* _Work instruction_: Using the line with "LAMPA PRZÓD PRAWA" as your starting point, transcribe it and each line beneath it word for word until the records run out, without pictures.

* _Exercise materials_:
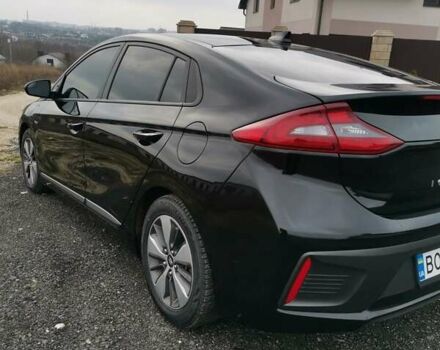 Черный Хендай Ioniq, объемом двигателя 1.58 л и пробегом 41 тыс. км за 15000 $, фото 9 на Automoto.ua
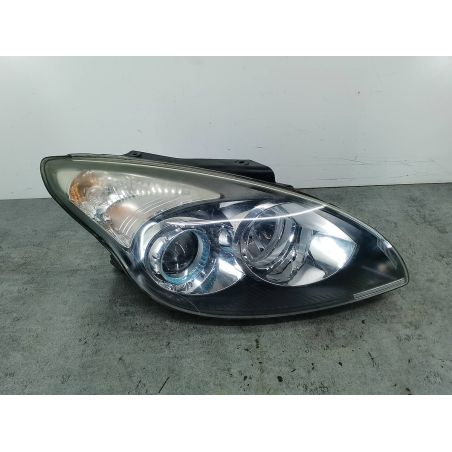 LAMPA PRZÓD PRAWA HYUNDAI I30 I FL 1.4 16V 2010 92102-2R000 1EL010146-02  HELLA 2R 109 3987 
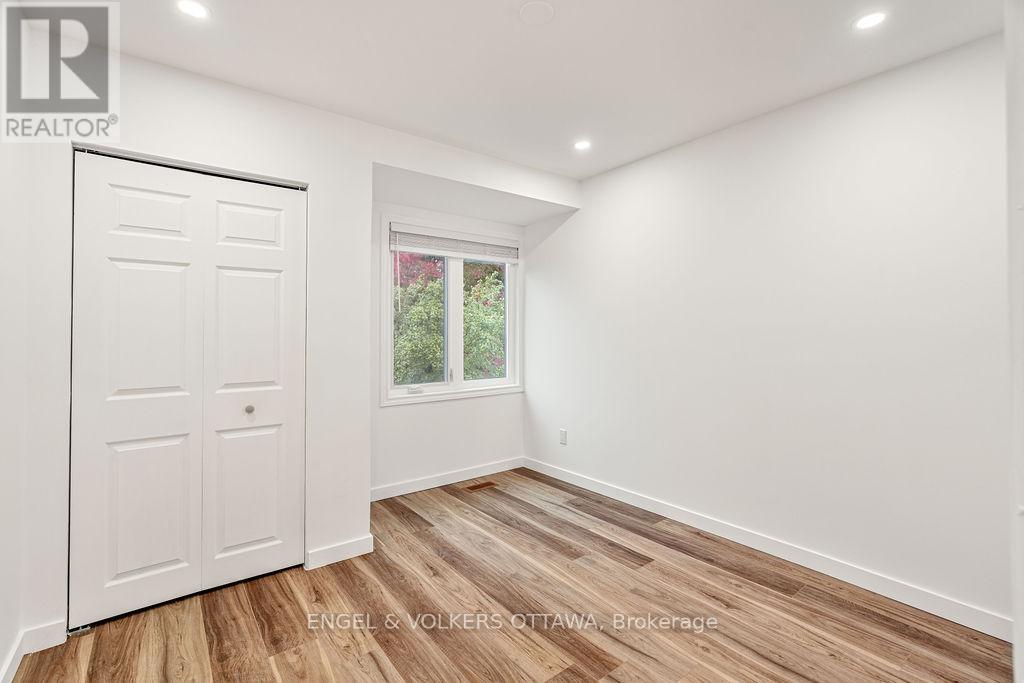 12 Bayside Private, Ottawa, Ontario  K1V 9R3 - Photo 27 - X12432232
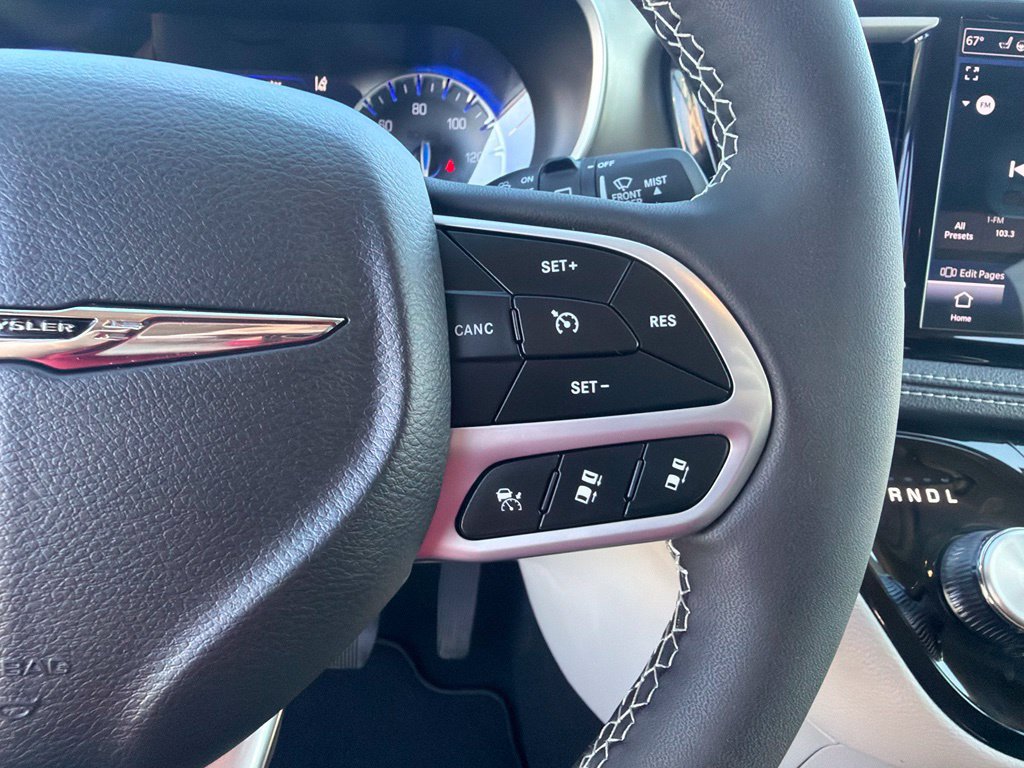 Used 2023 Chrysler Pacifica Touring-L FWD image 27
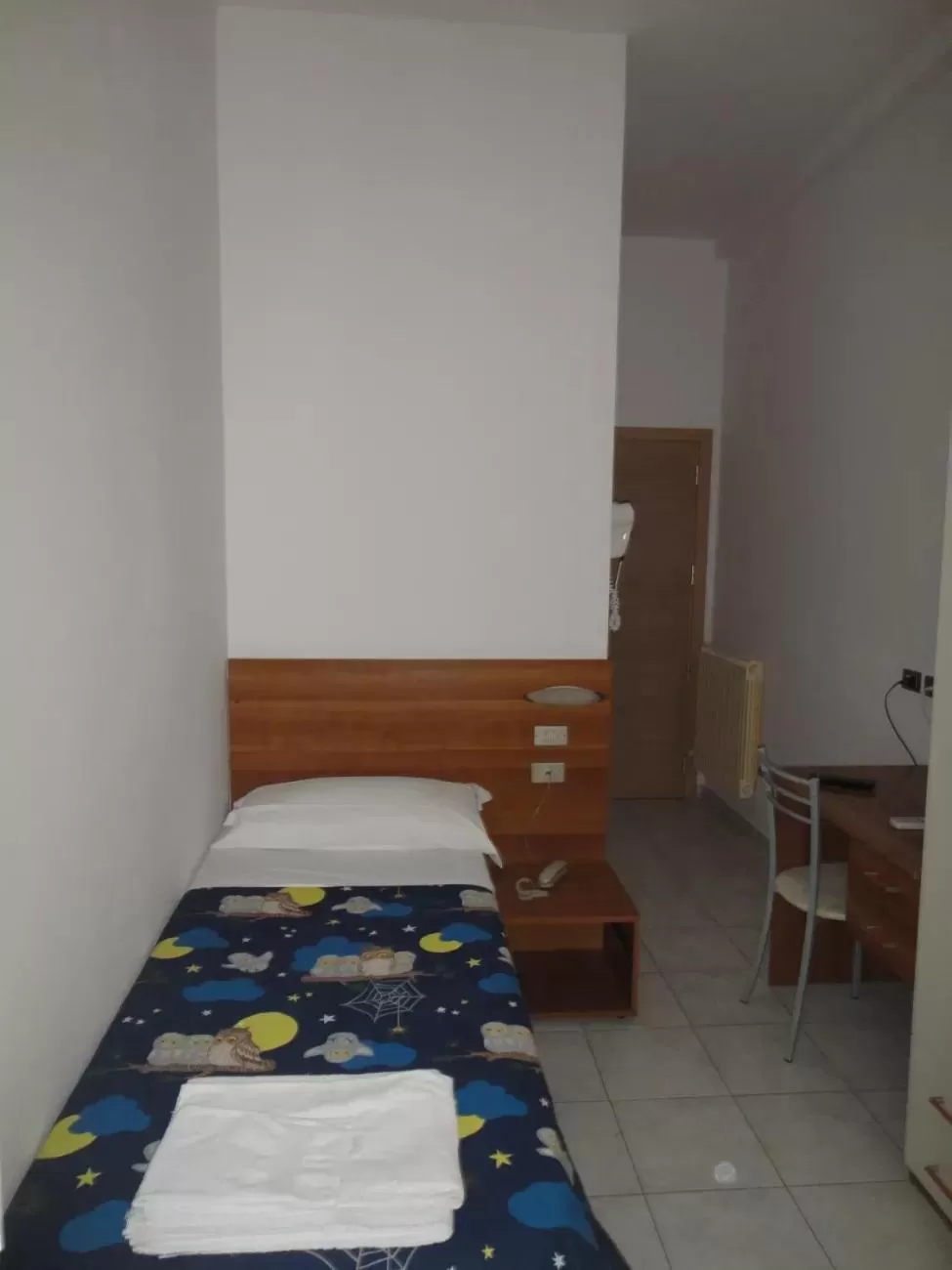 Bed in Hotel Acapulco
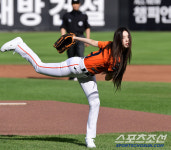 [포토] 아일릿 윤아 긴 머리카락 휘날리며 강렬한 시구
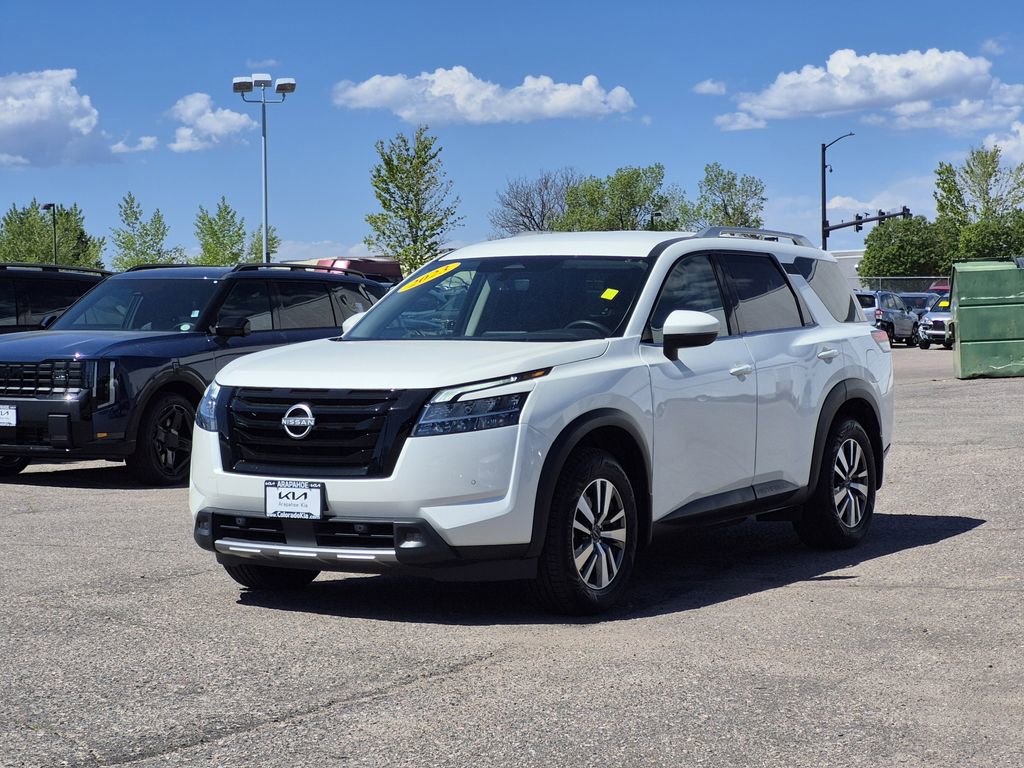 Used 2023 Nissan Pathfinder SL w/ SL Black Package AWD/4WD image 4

* _Your solution_:
 LAMPA PRZÓD PRAWA HYUNDAI I30 I FL 1.4 16V 2010 92102-2R000 1EL010146-02  HELLA 2R 109 3987 
 12 Bayside Private, Ottawa, Ontario  K1V 9R3 - Photo 27 - X12432232
 Used 2023 Chrysler Pacifica Touring-L FWD image 27
 Bed in Hotel Acapulco
 [포토] 아일릿 윤아 긴 머리카락 휘날리며 강렬한 시구
 Used 2023 Nissan Pathfinder SL w/ SL Black Package AWD/4WD image 4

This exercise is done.